Nous resterons sur Terre au programme dans les lycées

Diffusé au cinéma au printemps, le film Nous resterons dur Terre d’Olivier Bourgeois et Pierre Barougier, va servir de base à une opération mondiale d’éducation au développement de l’UNESCO. Pour ce faire, une version plus courte (52 minutes et non plus 87 minutes) a été réalisée. La nouvelle formule a vocation à être diffusé dans des écoles du monde entier. Et elle sera accompagnée d’un kit pédagogique.

Plateforme numérique sur le Net

« S’il s’agit d’une version courte, elle reprend néanmoins tous les propos des quatre intervenants : Wangari Maathai, Mikhaïl Gorbatchev, James Lovelock et Edgard Morin. Ce sont les séquences d’images qui ont été raccourcies. Chaque pays va pouvoir adapter l’accompagnement pédagogique en fonction de ses besoins », explique Olivier Bourgeois dont l’équipe va mettre en place une plateforme numérique sur laquelle « tous les internautes doivent pouvoir se connecter » et où le film sera téléchargeable gratuitement.

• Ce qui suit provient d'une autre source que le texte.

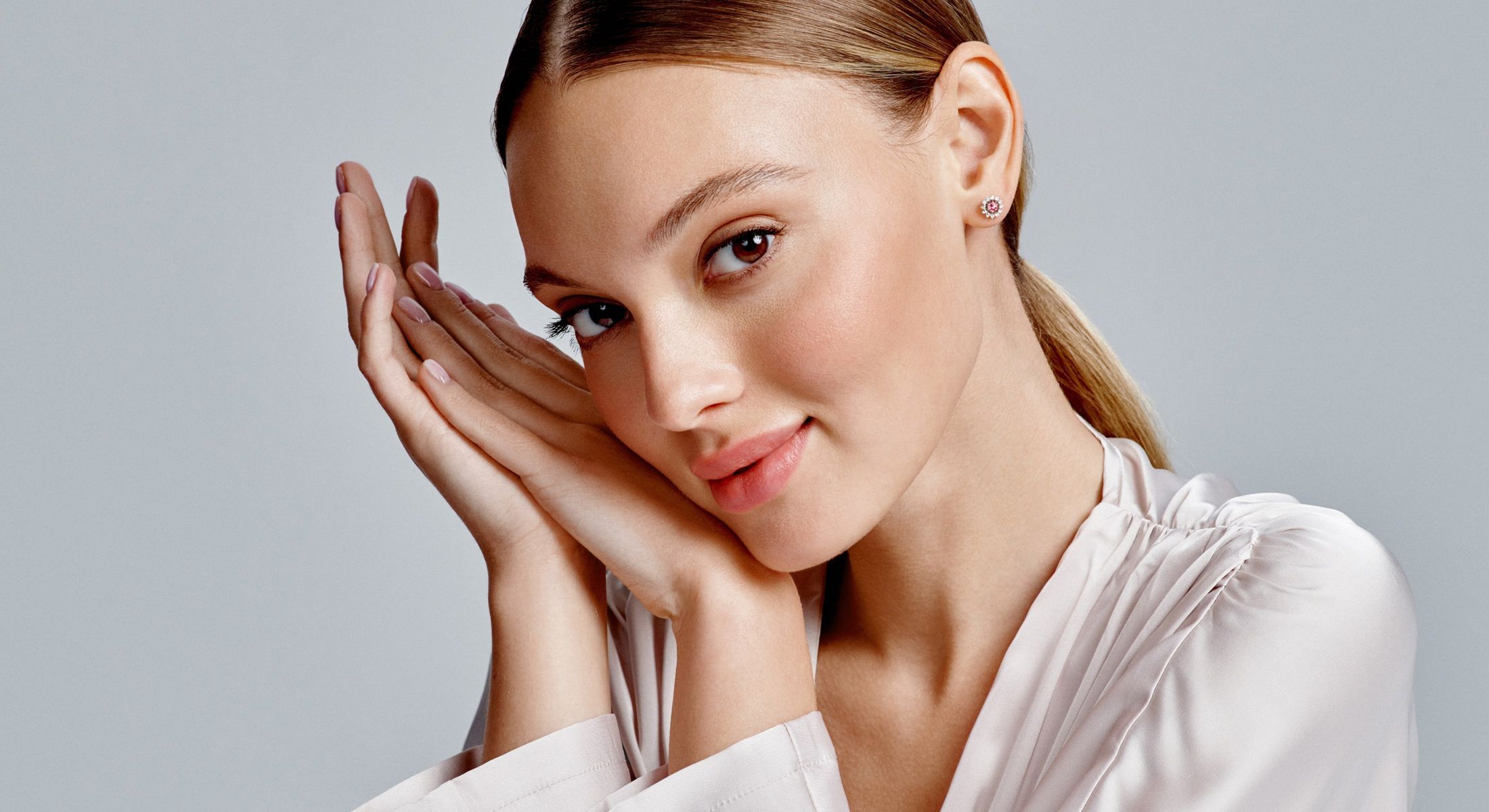 Woman resting hands on her face, smiling gently.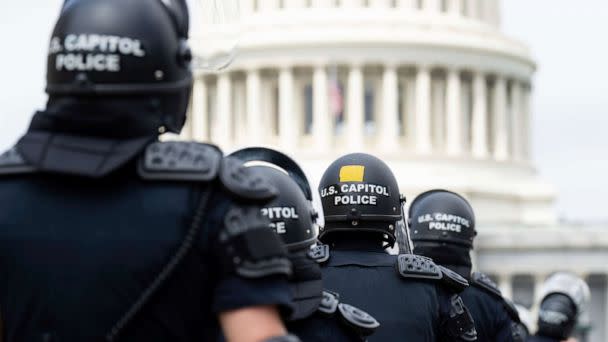 PHOTO: U.S. Capitol Police in riot gear return to their staging area after clear a path back to the Capitol, June 24, 2022. (Bill Clark/AP, FILE)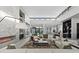 Spacious living room with fireplace, clerestory windows, and open layout creates an airy, modern atmosphere at 1 Olympia Canyon Way, Las Vegas, NV 89141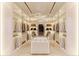 Large walk-in closet with ample storage space and island at 2251 Old Atlanta Rd, Cumming, GA 30041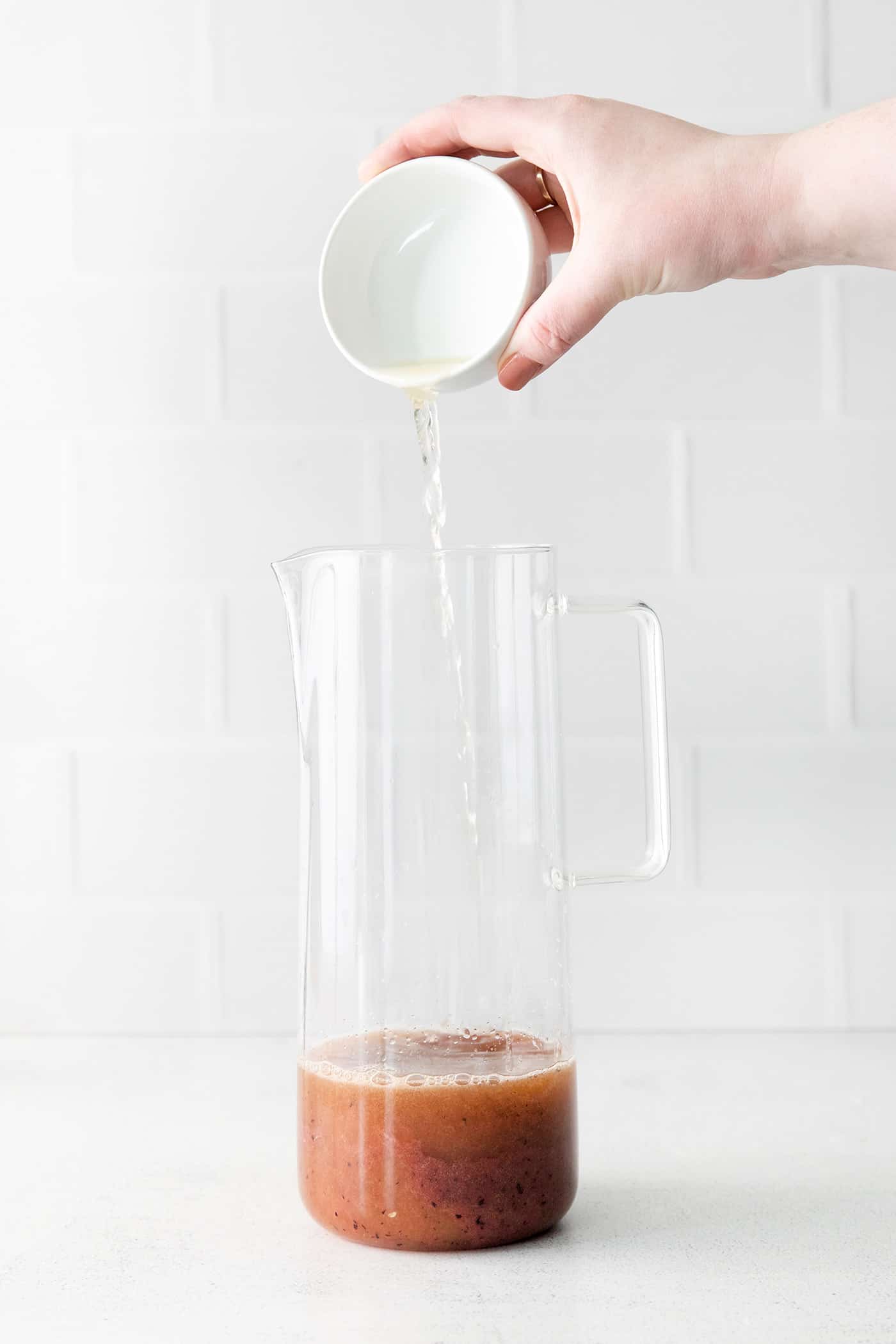 Lemon juice being added to a pitcher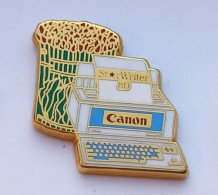 G469 Pin's Canon Imprimante Signé Arthus Bertrand Achat Immédiat - Arthus Bertrand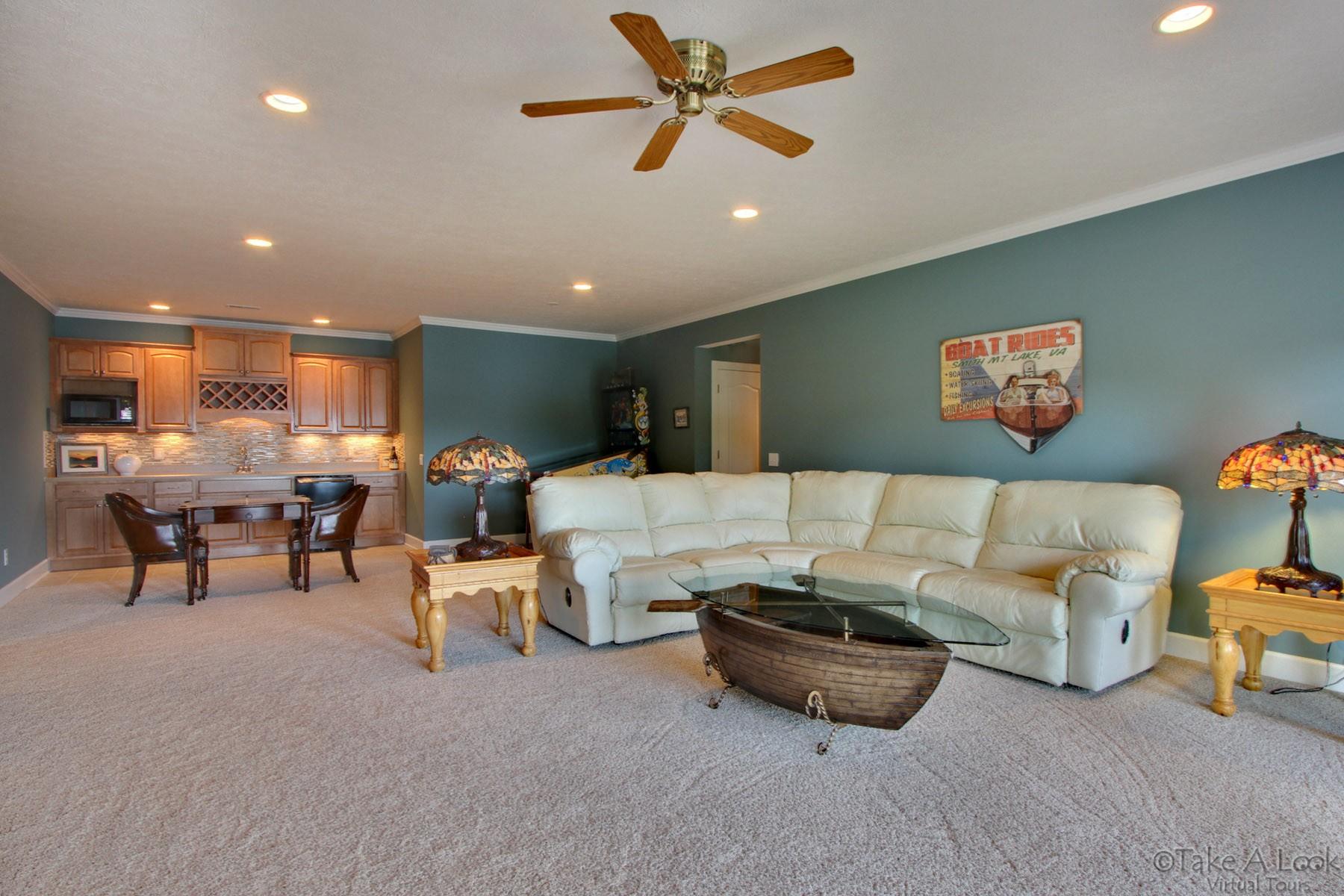 140 Calypso Road Moneta, VA 24121 - Photo 19 of 26 a living room with furniture and a large window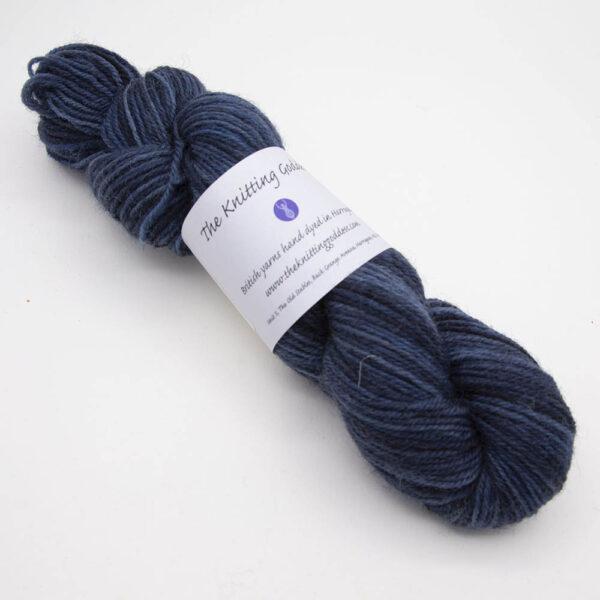 navy hand dyed sock yarn, wound up in a skein with The Knitting Goddess ball band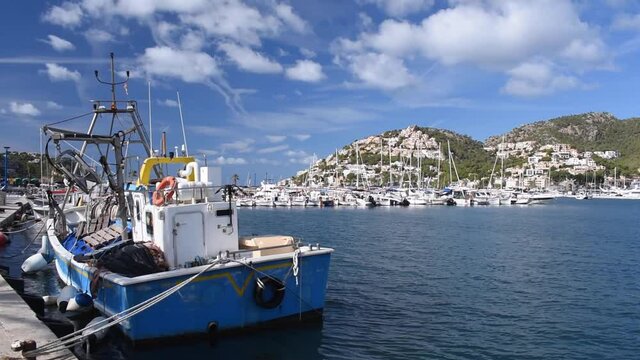 Port d'Andratx Majorca a working boat with winch moored and a view across the bay of the main marina area on a warm and beautiful day.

Un film qui doit servir de support pour le programme de Terminale

En France, le film doit être diffusé l’an prochain auprès de élèves de Terminale et doit servir de support à leur programme. « Les professeurs pourront s’en servir pour décliner les notions de développement durable dans différentes matières : philosophie, économie… », précise le réalisateur qui entend bien multiplier les opérations de sensibilisation et d’action.
« Nous resterons sur Terre » et treize associations partenaires ont ainsi également lancé un blog sur les Objectifs du Millénaire des Nations-Unies: http://agir.nousresteronssurterre.com/

Montrer la rupture entre l’homme et la nature

L’objectif du film et donc maintenant de l’opération « Nous resterons sur Terre », est de montrer la rupture entre l’homme et la nature, notamment par le biais des déclarations de « grands témoins de l’histoire ». C’est pour cette raison qu’ont été choisis Wangari Maathai (biologiste et militante écologiste, Prix Nobel de la Paix 2004), Mikhaïl Gorbatchev (fondateur de la Green Cross International, Prix Nobel de la Paix 1990), James Lovelock (théoricien du fonctionnement de la Terre, membre de l’Académie britannique des sciences) et Edgard Morin (sociologue, philosophe et directeur de recherche émérite au CNRS).